U.S. Space Force Col. Michael Hopkins, NASA astronaut, visited Team Kirtland members at Kirtland Air Force Base, N.M., Jan. 19, 2022.

During his visit, Hopkins toured various base facilities, met base leadership, spoke to Airmen and their families about his time on the International Space Station and attended a video call with students from Van Buren Middle School.  

Hopkins was asked many different questions during his presentations. The middle school students and Team Kirtland children were curious about personal hygiene and eating cereal in space, while the adult’s had more technical questions such as how to become an astronaut and what experiments the astronauts performed.  

U.S. Air Force Col. Jason Vattioni, 377th Air Base Wing and installation commander, spoke about Hopkins special visit.

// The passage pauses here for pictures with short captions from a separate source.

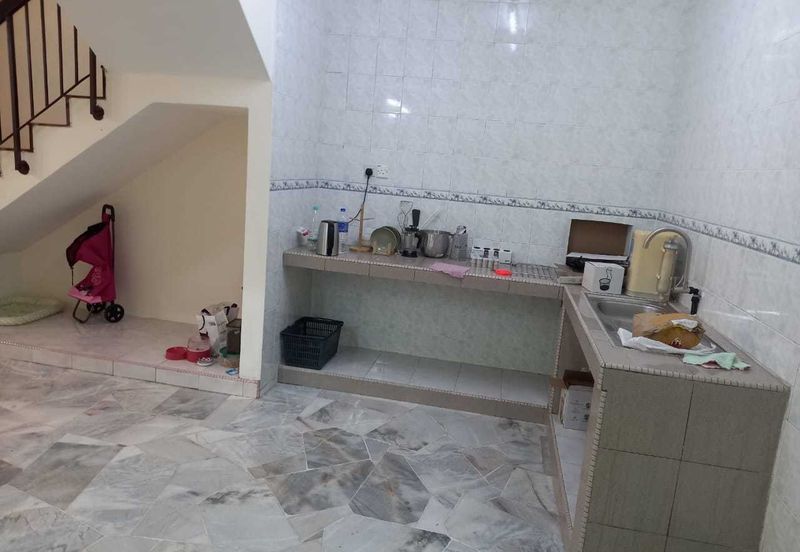 Taman Wawasan, Pusat Bandar Puchong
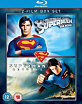Superman & Superman Returns - Double Feature (UK Import) Blu-ray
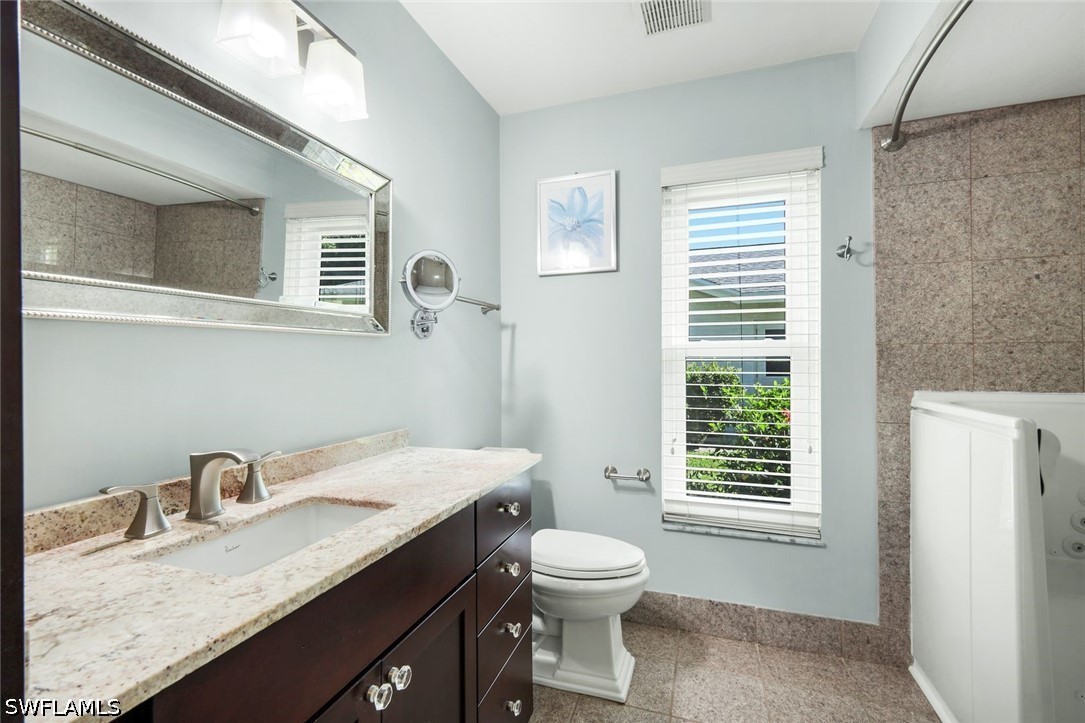 3 Bed Pool Home for Sale in Vanderbilt Lakes, FL, $750,000 — photo 18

“We are fortunate to have Colonel Hopkins visit Team Kirtland,” said Vattioni. “The presentations about his experiences, including his time spent on the International Space Station, are truly inspiring to all of us. His accomplishments and graciousness are indelible influences on our next generations of space professionals.”

Hopkins most recently served as commander on the Crew-1 SpaceX Crew Dragon and completed his second long-duration mission aboard the International Space Station as a flight engineer. During his second space mission, Hopkins participated in five spacewalks and spent a total of 168 days in space.

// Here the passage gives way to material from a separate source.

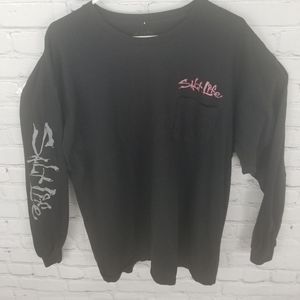 Salt life shirt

“It was a great mission, a great crew, and everything went very very well,” said Hopkins. “We were very happy with the vehicle itself and were able to get into a rhythm with Crew Dragon launching people into space.”

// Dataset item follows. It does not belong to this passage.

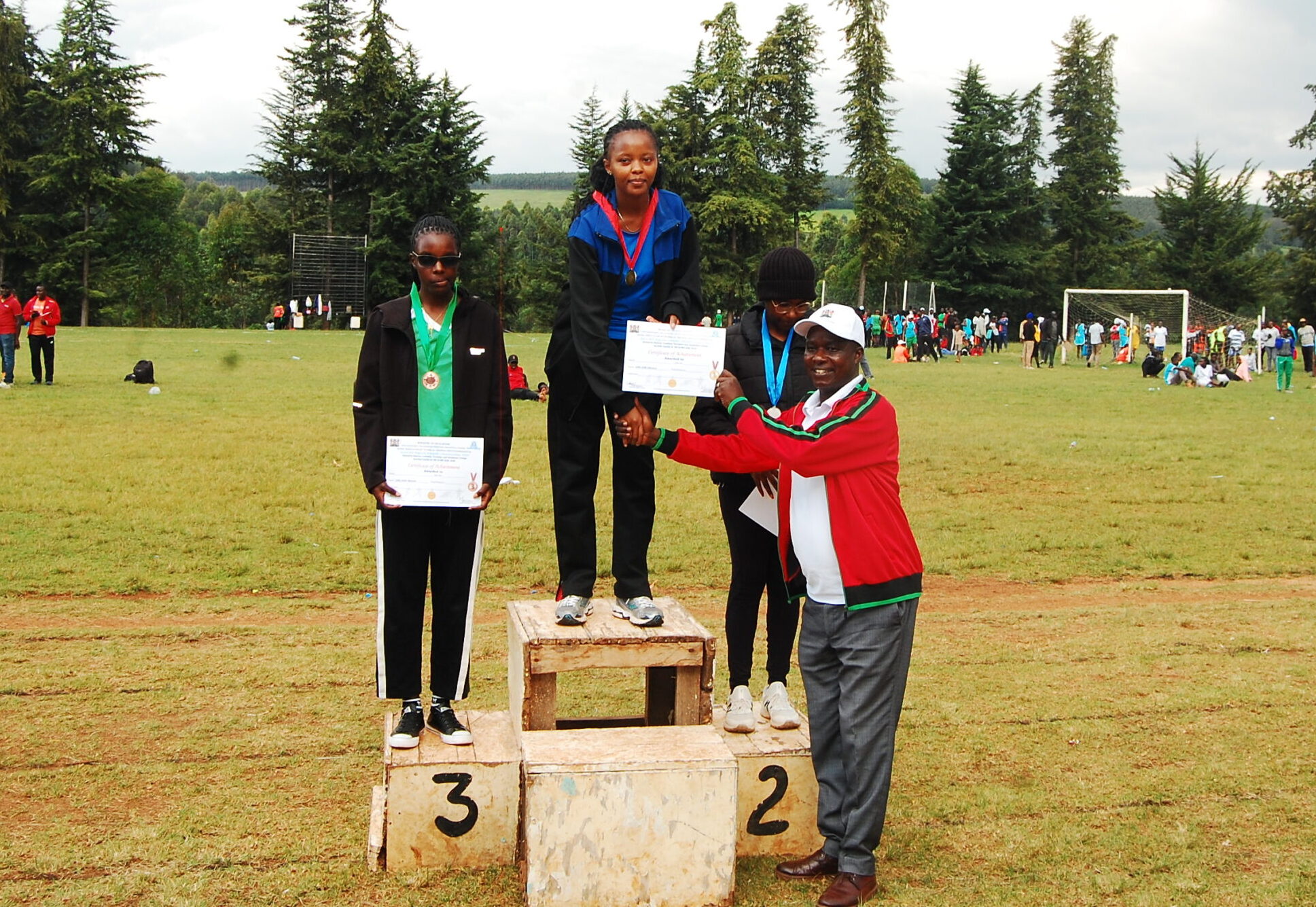 Kericho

Hopkins was selected to become an astronaut in 2009, but originally began his career in 1992 when he commissioned in the U.S. Air Force. After commissioning, Hopkins was assigned to Kirtland Air Force Base in 1993 where he worked on advanced space system technologies.

 “My time here at Kirtland and my time here at the lab, helped shape me, helped shape my career, and helped me during my time up in space,” said Hopkins.  “Actually, every position that I’ve had in the Air Force has been influential in getting me to NASA, getting me up to space, and getting me through those missions in space.”